Ancient Roman triumphal column, a landmark of Rome, Italy

The Column of Phocas (Colonna di Foca) is a Roman monumental column in the Roman Forum of Rome, Italy, built when Rome was part of the Eastern Roman Empire after its reconquest from the Kingdom of the Ostrogoths.

==History==
Erected in front of the Rostra and dedicated or rededicated in honour of the Eastern Roman Emperor Phocas on August 1, 608 AD, it was the last architectural addition made to the Forum Romanum, after over 1,300 years of construction. The fluted Corinthian column stands 13.6 m (44 ft) tall on its cubical white marble socle. On stylistic grounds, the column seems to have been made in the 2nd century for an unknown structure, and then recycled for the present monument. Likewise, the socle was recycled from its original use supporting a statue dedicated to Diocletian; the former inscription was chiselled away to provide a space for the later text.
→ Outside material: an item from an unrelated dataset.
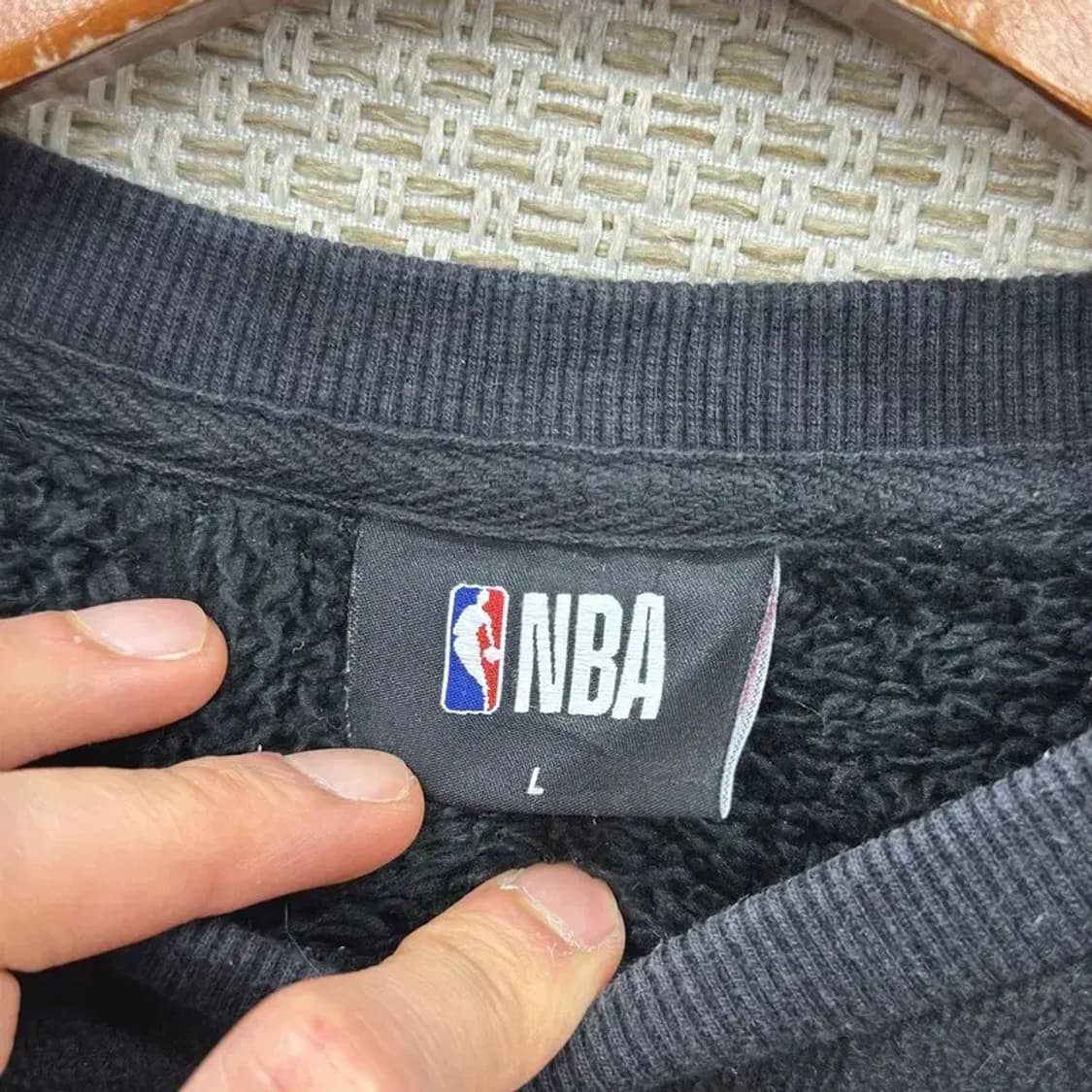 NBA 자수로고 기모 스웻셔츠 맨투맨 100 D10801 상품이미지3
The base of the column was uncovered in 1813, and the inscription on it reads, in Latin:

Optimo clementiss[imo piissi]moque / principi domino n[ostro] / F[ocae imperat]ori / perpetuo a d[e]o coronato, [t]riumphatori / semper Augusto / Smaragdus ex praepos[ito] sacri palatii / ac patricius et exarchus Italiae / devotus eius clementiae / pro innumerabilibus pietatis eius beneficiis et pro quiete / procurata Ital[iae] ac conservata libertate / hanc sta(tuam maiesta)tis eius / auri splend(ore fulge)ntem huic / sublimi colu(m)na(e ad) perennem / ipsius gloriam imposuit ac dedicavit / die prima mensis Augusti, indict[ione] und[icesima] / p[ost] c[onsulatum] pietatis eius anno quinto

The English translation is as follows:

To the best, most clement and pious ruler, our lord Phocas the perpetual emperor, crowned by God, the forever august triumphator, did Smaragdus, former praepositus sacri palatii and patricius and Exarch of Italy, devoted to His Clemency for the innumerable benefactions of His Piousness and for the peace acquired for Italy and its freedom preserved, this statue of His Majesty, blinking from the splendor of gold here on this tallest column for his eternal glory erect and dedicate, on the first day of the month of August, in the eleventh indiction in the fifth year after the consulate of His Piousness.
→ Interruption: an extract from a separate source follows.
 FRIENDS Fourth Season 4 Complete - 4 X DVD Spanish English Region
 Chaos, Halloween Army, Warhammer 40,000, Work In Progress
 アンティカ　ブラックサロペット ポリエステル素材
The precise occasion for this signal honour is unknown, though Phocas had formally donated the Pantheon to Pope Boniface IV, who rededicated it to all the martyrs and Mary (Sancta Maria ad Martyres). Atop the column's capital was erected by Smaragdus, the Exarch of Ravenna, a "dazzling" gilded statue of Phocas (which probably only briefly stood there). Rather than a demonstration to mark papal gratitude as it is sometimes casually declared to be, the gilded statue on its column was more likely an emblem of the imperial sovereignty over Rome, which was rapidly fading under pressure from the Lombards, and a personal mark of gratitude from Smaragdus, who had been recalled by Phocas from a long exile and was indebted to the Emperor for retrieving his position of power at Ravenna.

In October 610, Phocas was overthrown and killed; his statues everywhere were overthrown.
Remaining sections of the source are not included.